In the final analysis we are constrained to point out that the availability of a logical defense consistent with due process and morality will not further overburden a system now being criticized for its unworkability. The unworkability of this system, if it exists at all, cannot be placed at the doorstep of the court whose function of hearing and determining it performs, but rather in the unwillingness of the executive and legislative branches of government to provide adequate facilities; to compel persons and institutions charged by law with the responsibility of performance to do just that; and to discipline recalcitrant or inept personnel for their failure to give the taxpayers dollar-for-dollar value for funds expended.

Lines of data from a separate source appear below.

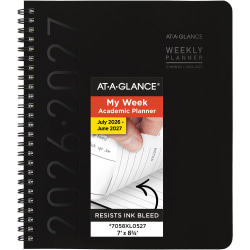 AT-A-GLANCE® Contemporary Lite Academic 2026-2027 Weekly Monthly Planner, Black, Medium, 7" x 8 3/4"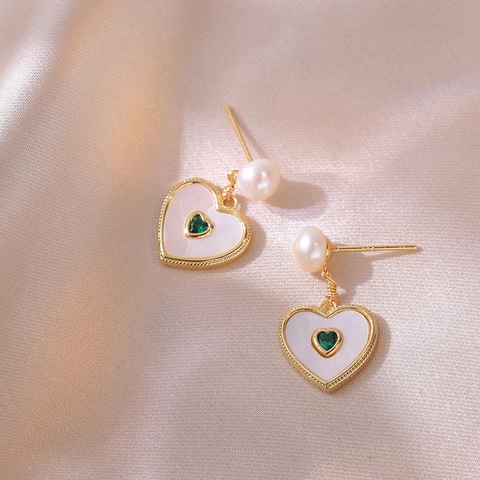 Heart Shell Drop Earrings With 925 Sterling Silver Earring Post Copper Green Zircon Artificial Pearl Korean Elegant Women Accessory
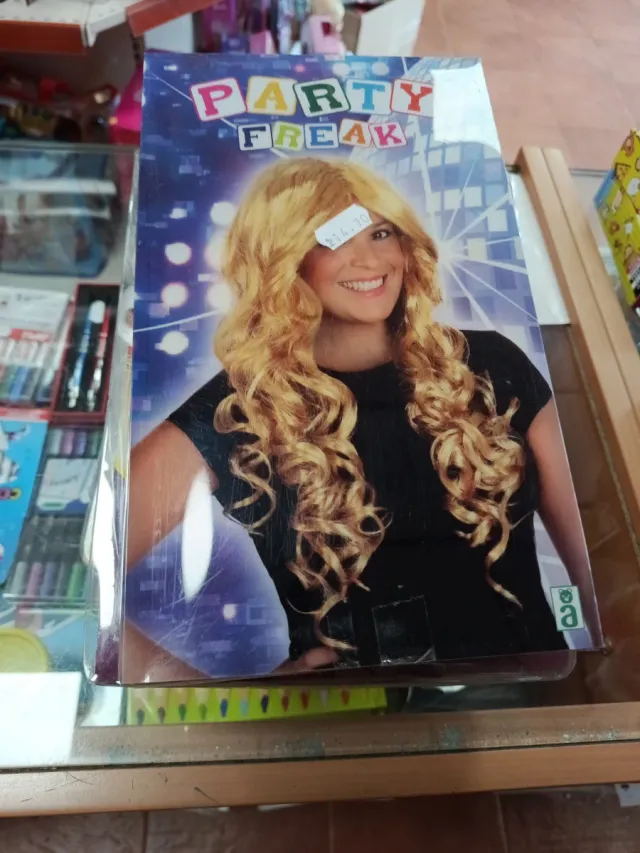 Peluca rubia rizada fiesta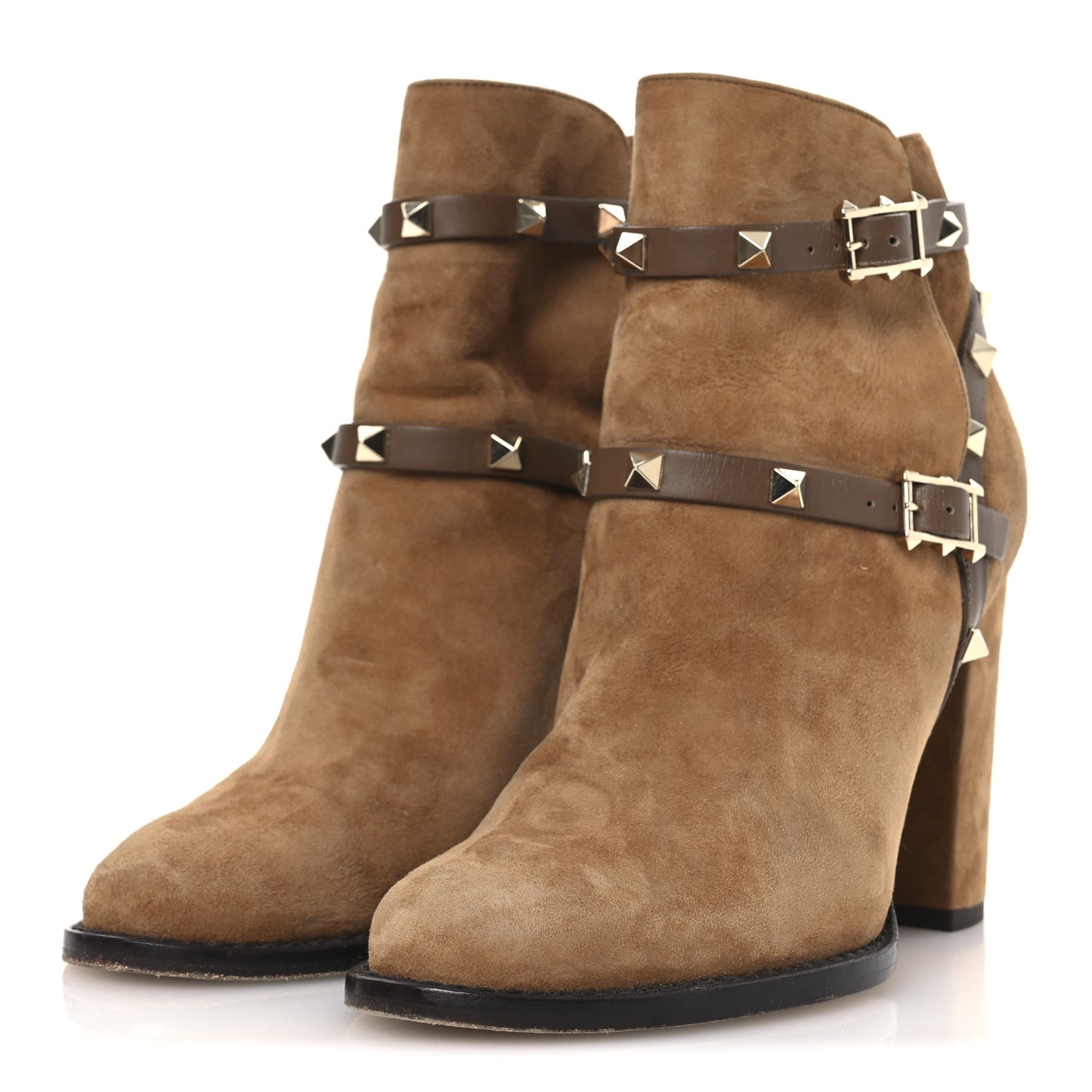 Suede Rockstud Double Buckle 100mm Block Heel Ankle Boots 36.5 Nocciola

We therefore hold that the common-law defense of lack of capacity owing to immaturity shall be available as a defense to respondent if proven factually and that this matter shall proceed accordingly.
The court would be less than candid if it did not acknowledge its indebtedness to the perceptive arguments and solid research of the Law Guardian so obviously reflected in the brief submitted on this motion.
Recalendar for trial upon notice to parties and counsel.